> [WHAT TO PRODUCE]:
The line that contains "Linka Skręcana 2x0.75mm" marks the end: retype the data below exactly from its first line through that line.
----
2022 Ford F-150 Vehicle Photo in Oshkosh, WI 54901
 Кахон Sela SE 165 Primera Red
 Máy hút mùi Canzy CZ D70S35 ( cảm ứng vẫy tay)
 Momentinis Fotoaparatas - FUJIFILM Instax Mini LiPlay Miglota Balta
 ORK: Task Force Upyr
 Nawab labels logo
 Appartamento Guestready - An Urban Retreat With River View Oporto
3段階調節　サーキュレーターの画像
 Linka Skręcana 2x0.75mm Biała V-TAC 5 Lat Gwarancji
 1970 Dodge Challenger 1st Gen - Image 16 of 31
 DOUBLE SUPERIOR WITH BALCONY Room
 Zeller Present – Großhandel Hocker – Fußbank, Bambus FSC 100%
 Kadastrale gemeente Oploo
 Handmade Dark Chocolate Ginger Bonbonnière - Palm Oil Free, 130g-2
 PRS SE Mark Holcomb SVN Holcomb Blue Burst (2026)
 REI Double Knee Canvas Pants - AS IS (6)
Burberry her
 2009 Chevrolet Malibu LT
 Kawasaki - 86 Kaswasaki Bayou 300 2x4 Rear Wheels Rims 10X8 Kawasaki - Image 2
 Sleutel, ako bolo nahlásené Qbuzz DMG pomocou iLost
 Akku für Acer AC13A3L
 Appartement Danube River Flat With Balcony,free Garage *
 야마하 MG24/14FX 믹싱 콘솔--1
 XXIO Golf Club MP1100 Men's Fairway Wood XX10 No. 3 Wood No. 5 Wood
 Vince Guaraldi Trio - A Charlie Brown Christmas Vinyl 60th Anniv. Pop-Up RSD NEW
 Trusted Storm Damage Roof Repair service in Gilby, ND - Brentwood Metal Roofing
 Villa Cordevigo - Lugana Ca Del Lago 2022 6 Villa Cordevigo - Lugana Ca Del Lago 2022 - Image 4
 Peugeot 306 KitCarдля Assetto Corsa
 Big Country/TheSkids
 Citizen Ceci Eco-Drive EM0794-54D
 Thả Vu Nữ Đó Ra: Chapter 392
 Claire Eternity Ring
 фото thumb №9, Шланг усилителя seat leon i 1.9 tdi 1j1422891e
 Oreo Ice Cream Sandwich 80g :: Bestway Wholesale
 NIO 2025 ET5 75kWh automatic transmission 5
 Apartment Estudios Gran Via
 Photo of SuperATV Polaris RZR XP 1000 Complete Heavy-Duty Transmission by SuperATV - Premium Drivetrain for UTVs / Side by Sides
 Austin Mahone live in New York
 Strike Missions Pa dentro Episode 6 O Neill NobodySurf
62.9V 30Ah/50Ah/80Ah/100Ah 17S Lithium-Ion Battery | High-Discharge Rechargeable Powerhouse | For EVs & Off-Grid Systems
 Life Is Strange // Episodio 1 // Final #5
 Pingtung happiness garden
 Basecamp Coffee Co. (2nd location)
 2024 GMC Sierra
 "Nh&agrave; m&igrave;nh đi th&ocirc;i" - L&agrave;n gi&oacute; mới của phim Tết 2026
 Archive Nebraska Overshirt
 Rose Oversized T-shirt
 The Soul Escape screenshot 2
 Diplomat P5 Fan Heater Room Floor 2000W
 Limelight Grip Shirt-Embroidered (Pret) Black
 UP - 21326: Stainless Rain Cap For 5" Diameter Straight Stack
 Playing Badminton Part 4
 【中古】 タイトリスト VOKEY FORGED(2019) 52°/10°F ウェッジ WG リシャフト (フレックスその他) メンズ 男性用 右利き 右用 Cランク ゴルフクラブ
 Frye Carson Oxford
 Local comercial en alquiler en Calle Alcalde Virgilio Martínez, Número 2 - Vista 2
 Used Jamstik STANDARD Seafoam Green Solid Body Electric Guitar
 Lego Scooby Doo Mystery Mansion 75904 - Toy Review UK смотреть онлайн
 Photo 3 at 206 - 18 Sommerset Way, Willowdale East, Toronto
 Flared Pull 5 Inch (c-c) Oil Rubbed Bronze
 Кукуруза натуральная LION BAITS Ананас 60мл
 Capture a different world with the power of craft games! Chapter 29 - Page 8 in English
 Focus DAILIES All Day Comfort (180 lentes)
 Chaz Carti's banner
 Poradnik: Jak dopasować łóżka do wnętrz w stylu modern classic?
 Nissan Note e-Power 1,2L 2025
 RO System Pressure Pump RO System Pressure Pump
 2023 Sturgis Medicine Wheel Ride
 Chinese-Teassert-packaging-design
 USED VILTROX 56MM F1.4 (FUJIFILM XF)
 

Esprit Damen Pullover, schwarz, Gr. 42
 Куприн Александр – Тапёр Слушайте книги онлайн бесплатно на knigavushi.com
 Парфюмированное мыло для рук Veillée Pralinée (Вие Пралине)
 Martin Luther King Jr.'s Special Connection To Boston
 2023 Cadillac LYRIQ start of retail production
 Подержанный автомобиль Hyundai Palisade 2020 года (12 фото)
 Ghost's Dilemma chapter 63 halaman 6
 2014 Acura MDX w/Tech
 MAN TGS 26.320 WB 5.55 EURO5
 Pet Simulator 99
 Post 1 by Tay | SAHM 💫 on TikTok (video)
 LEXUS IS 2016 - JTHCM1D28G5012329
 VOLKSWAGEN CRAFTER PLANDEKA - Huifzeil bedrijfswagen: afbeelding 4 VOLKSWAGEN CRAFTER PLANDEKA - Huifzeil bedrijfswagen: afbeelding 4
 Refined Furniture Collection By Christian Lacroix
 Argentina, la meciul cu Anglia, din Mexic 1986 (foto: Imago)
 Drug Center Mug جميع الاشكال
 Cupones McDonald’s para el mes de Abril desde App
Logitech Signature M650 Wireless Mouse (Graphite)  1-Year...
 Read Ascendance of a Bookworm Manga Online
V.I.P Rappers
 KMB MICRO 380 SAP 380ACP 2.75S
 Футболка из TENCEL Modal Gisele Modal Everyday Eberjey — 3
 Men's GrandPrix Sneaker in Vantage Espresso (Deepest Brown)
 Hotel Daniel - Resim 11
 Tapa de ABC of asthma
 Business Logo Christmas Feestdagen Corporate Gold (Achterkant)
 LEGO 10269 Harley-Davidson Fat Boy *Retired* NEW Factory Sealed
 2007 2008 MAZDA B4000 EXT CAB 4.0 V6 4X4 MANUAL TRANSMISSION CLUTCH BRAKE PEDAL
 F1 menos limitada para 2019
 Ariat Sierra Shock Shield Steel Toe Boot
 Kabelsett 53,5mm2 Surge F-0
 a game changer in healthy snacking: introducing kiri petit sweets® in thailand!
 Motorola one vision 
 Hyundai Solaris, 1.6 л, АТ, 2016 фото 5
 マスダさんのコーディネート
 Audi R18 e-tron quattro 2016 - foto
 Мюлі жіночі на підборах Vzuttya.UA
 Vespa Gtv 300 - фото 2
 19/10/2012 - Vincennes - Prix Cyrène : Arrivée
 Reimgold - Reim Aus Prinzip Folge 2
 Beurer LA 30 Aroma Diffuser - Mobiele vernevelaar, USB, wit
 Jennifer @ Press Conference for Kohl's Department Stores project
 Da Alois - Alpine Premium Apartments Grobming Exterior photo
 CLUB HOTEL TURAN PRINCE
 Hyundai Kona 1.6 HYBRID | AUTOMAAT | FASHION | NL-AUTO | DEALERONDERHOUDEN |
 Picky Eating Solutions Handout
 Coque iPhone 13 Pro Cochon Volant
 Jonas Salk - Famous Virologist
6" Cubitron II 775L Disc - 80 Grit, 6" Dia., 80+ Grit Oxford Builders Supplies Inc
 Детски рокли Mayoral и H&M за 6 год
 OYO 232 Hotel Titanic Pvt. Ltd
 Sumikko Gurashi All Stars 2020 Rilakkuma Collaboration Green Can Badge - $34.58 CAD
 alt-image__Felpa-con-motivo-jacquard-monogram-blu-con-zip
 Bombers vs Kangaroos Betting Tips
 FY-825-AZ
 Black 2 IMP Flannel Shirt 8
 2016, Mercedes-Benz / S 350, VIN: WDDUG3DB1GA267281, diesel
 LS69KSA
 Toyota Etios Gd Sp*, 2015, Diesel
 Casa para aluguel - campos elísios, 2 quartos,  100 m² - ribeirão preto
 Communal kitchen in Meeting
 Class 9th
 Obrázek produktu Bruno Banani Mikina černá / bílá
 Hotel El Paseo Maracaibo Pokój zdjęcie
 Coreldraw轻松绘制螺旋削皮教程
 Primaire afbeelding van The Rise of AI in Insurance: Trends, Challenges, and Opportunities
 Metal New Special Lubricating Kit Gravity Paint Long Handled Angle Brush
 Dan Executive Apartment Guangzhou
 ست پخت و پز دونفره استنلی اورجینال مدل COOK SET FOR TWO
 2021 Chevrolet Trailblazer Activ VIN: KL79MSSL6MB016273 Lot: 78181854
----
> [REPLY]:
2022 Ford F-150 Vehicle Photo in Oshkosh, WI 54901
 Кахон Sela SE 165 Primera Red
 Máy hút mùi Canzy CZ D70S35 ( cảm ứng vẫy tay)
 Momentinis Fotoaparatas - FUJIFILM Instax Mini LiPlay Miglota Balta
 ORK: Task Force Upyr
 Nawab labels logo
 Appartamento Guestready - An Urban Retreat With River View Oporto
3段階調節　サーキュレーターの画像
 Linka Skręcana 2x0.75mm Biała V-TAC 5 Lat Gwarancji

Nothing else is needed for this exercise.